Mohamed Abdi, who was serving time for theft, had been in the Lecce prison for approximately one year. OSAPP representative Domenico Mastrulli said that the prison, located in the region of Puglia, is "beset by several problems, first and foremost overcrowding".
Roughly 60 prisoners in Italy commit suicide each year, approximately 20 times average for the general population, according to a study released in December.
The Permanent Observatory on Prison Deaths also found that 10 penitentiary police take their lives annually - a rate that exceeds the norm by a factor of three and ranks highest among the various branches of Italy's security forces.
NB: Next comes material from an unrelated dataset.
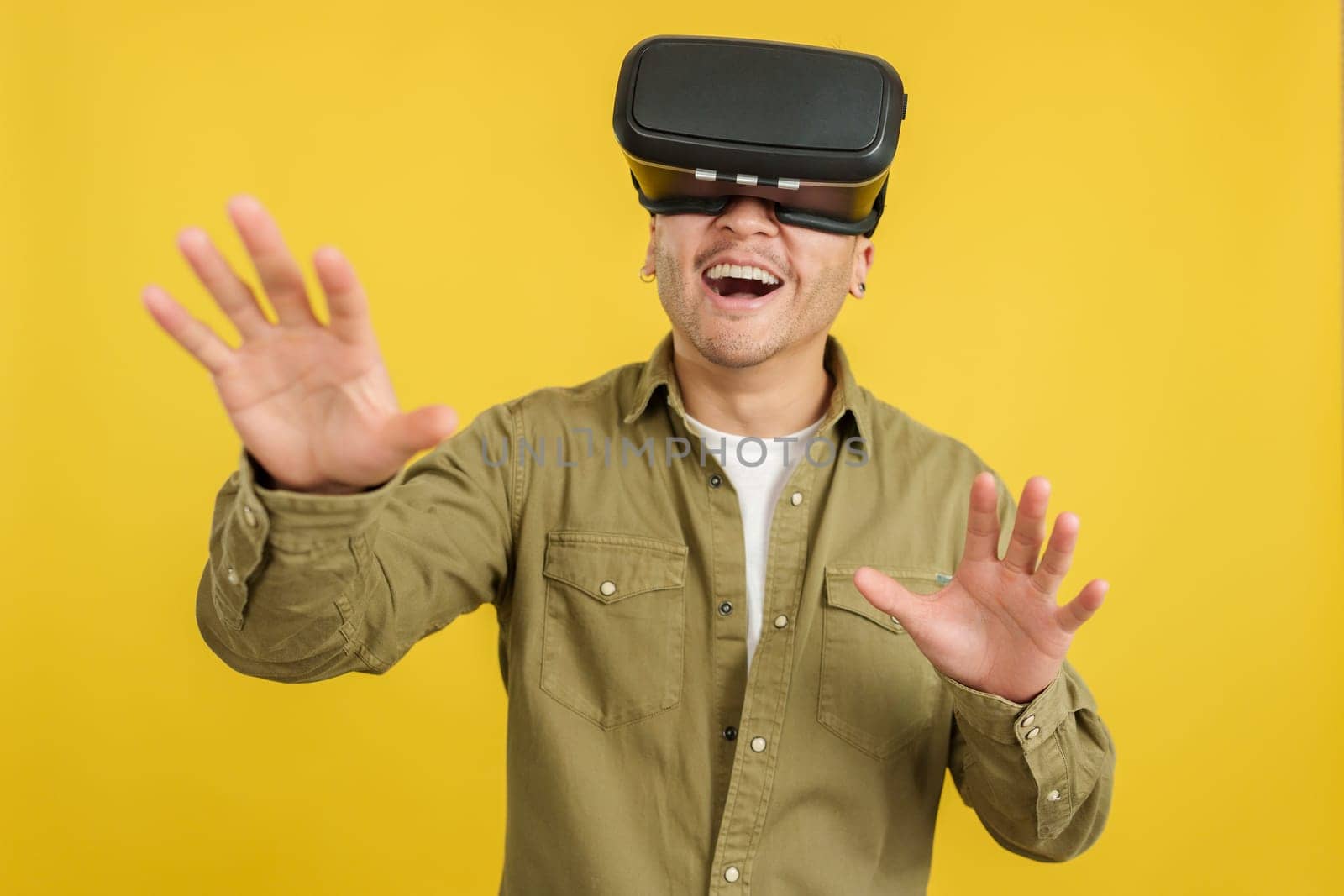 Happy chinese man with VR goggles expressing surprise in studio with yellow background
Contrary to most suicides, which are usually tied to personal events, a comparative study found that at least two-thirds of Italian prison suicide cases are due to "environmental factors".
The environmental factors in question do not refer to the prison environment per se but to "illegal" detention conditions, the study reported. The prison population has almost doubled in 40 years whereas prison capacity has only increased by 10,000 places.
Marco Pannella, the historic leader of Italy's Radical Party, recently held a nine-day thirst-and-hunger strike to call for an amnesty to stop chronic overcrowding in Italy's jails, and for prisoners to be given the right to vote.